Efficient optical limiting of polypyrrole ternary nanohybrids co-functionalized with peripherally substituted porphyrins and axially coordinated metal-porphyrins

• Published in: Dalton transactions : an international journal of inorganic chemistry Vol. 48; no. 38; pp. 14467 - 14477
• Main Authors: Wang, Aijian, Cheng, Laixiang, Chen, Xiaodong, Li, Cheng, Zhang, Jing, Zhu, Weihua
• Format: Journal Article
• Language: English
• Published: Cambridge Royal Society of Chemistry 01.10.2019
• Subjects: Absorption; Charge transfer; Constraining; Electrochemical impedance spectroscopy; Fluorescence; Nonlinear optics; Optoelectronic devices; Polypyrroles; Porphyrins; Substitution reactions
• ISSN: 1477-9226; 1477-9234
• DOI: 10.1039/c9dt02716e

Herein, three polypyrrole-based nanohybrids were designed and prepared via a nucleophilic substitution reaction, i.e. , peripherally substituted porphyrin-functionalized PPy (TPP-PPy), axially coordinated metal-porphyrin-functionalized PPy (SnTPP-PPy), and polypyrrole ternary nanohybrids co-functionalized with peripherally substituted porphyrins and axially coordinated metal-porphyrins (TPP-PPy-SnTPP).
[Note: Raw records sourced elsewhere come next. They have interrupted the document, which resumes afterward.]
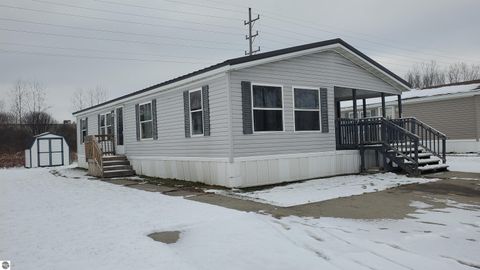 Photo of 2770 S Ivy Lane #LOT 143, Mt Pleasant, MI 48858 (MLS # 1941590)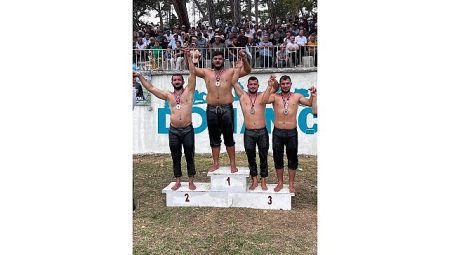 Belediye güreşçisi Balcı ikinci oldu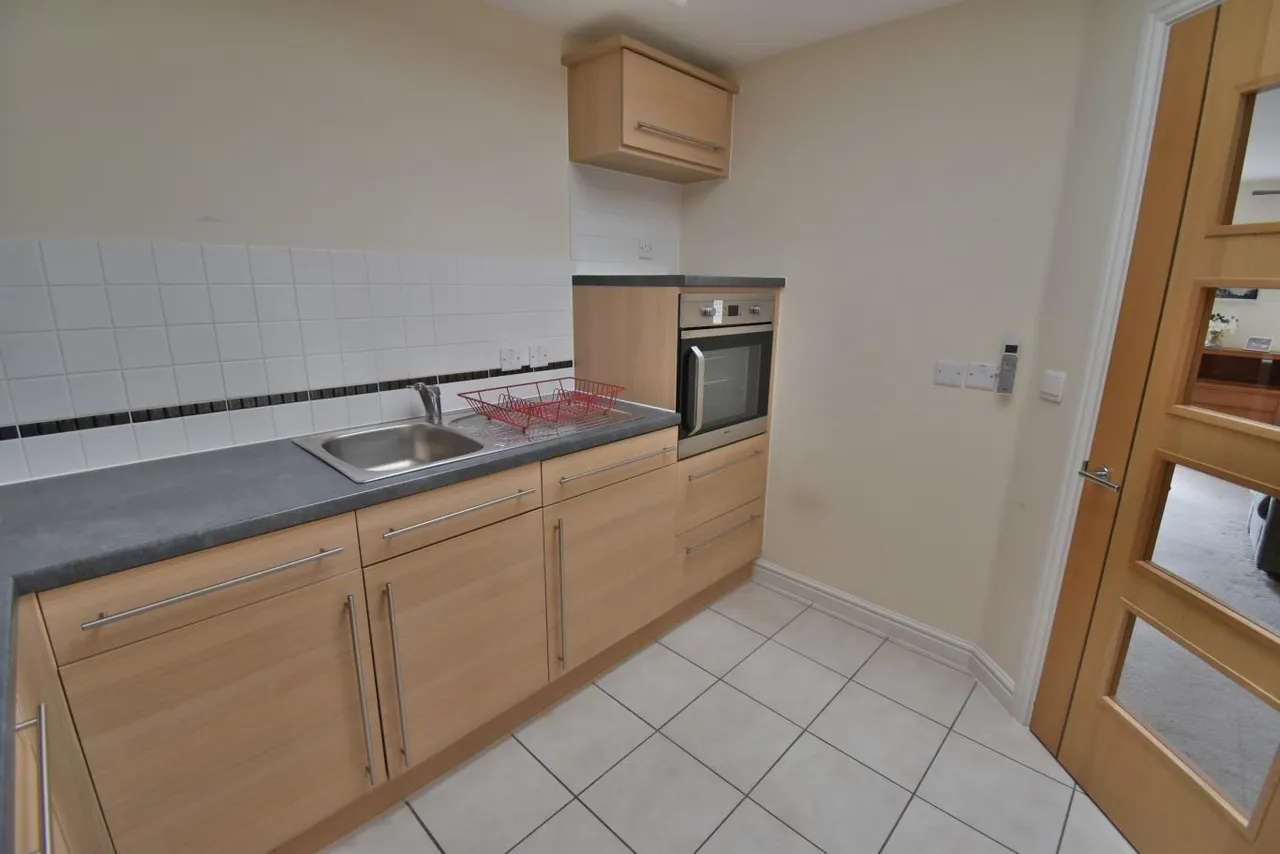 Cherrett Court, BH22, photo 5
The TPP-PPy, SnTPP-PPy and TPP-PPy-SnTPP nanohybrids exhibited improved nonlinear optical and optical limiting performances when compared to the individual PPy and porphyrins under 4 ns, 532 nm laser pulses. Their improved optical nonlinearities were ascribed to a combination of mechanisms and efficient charge transfer effect between the porphyrins and PPy. The charge transfer effect between the porphyrins and PPy was confirmed by UV-vis absorption, fluorescence and electrochemical impedance spectroscopy. The TPP-PPy-SnTPP ternary nanohybrid exhibited the best nonlinear absorption, nonlinear refraction and optical limiting performances because of more effective charge transfer effect, which provides a new avenue for the development of polypyrrole-porphyrin systems in the fields of nonlinear optics and optoelectronic devices. The TPP-PPy-SnTPP ternary nanohybrid exhibits efficient nonlinear optical performances due to its greater effective charge transfer effect, which provides a new avenue for the development of novel optoelectronic devices.